[Opening DATA FOR THIS TASK section]

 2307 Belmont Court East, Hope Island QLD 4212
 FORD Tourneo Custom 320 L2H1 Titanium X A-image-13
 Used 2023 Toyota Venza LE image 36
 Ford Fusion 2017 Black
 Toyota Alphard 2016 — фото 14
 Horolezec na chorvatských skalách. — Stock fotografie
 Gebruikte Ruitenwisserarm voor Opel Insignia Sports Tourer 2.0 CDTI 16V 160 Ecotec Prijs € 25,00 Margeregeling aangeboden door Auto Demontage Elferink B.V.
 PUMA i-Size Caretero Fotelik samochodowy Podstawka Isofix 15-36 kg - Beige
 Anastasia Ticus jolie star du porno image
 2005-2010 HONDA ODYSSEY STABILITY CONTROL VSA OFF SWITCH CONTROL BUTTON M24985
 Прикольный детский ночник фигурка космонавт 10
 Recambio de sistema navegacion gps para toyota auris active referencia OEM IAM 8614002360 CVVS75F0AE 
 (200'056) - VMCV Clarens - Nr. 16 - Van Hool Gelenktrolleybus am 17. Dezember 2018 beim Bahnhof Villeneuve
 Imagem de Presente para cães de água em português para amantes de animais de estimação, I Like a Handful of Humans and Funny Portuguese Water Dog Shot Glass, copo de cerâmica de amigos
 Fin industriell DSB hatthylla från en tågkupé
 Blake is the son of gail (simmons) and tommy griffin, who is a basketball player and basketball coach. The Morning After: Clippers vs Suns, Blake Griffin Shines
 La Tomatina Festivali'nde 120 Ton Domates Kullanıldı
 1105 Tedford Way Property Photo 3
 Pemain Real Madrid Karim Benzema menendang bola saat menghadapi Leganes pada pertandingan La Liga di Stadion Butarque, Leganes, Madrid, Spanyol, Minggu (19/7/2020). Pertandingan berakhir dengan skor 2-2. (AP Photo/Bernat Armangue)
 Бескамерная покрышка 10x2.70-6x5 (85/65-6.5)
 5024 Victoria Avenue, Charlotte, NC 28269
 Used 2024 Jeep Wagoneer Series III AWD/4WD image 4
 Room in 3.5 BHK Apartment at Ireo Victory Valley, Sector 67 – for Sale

[Closing DATA FOR THIS TASK section]

## THE TASK
Write every entry out again exactly.

## OUTPUT OF THE TASK
 2307 Belmont Court East, Hope Island QLD 4212
 FORD Tourneo Custom 320 L2H1 Titanium X A-image-13
 Used 2023 Toyota Venza LE image 36
 Ford Fusion 2017 Black
 Toyota Alphard 2016 — фото 14
 Horolezec na chorvatských skalách. — Stock fotografie
 Gebruikte Ruitenwisserarm voor Opel Insignia Sports Tourer 2.0 CDTI 16V 160 Ecotec Prijs € 25,00 Margeregeling aangeboden door Auto Demontage Elferink B.V.
 PUMA i-Size Caretero Fotelik samochodowy Podstawka Isofix 15-36 kg - Beige
 Anastasia Ticus jolie star du porno image
 2005-2010 HONDA ODYSSEY STABILITY CONTROL VSA OFF SWITCH CONTROL BUTTON M24985
 Прикольный детский ночник фигурка космонавт 10
 Recambio de sistema navegacion gps para toyota auris active referencia OEM IAM 8614002360 CVVS75F0AE 
 (200'056) - VMCV Clarens - Nr. 16 - Van Hool Gelenktrolleybus am 17. Dezember 2018 beim Bahnhof Villeneuve
 Imagem de Presente para cães de água em português para amantes de animais de estimação, I Like a Handful of Humans and Funny Portuguese Water Dog Shot Glass, copo de cerâmica de amigos
 Fin industriell DSB hatthylla från en tågkupé
 Blake is the son of gail (simmons) and tommy griffin, who is a basketball player and basketball coach. The Morning After: Clippers vs Suns, Blake Griffin Shines
 La Tomatina Festivali'nde 120 Ton Domates Kullanıldı
 1105 Tedford Way Property Photo 3
 Pemain Real Madrid Karim Benzema menendang bola saat menghadapi Leganes pada pertandingan La Liga di Stadion Butarque, Leganes, Madrid, Spanyol, Minggu (19/7/2020). Pertandingan berakhir dengan skor 2-2. (AP Photo/Bernat Armangue)
 Бескамерная покрышка 10x2.70-6x5 (85/65-6.5)
 5024 Victoria Avenue, Charlotte, NC 28269
 Used 2024 Jeep Wagoneer Series III AWD/4WD image 4
 Room in 3.5 BHK Apartment at Ireo Victory Valley, Sector 67 – for Sale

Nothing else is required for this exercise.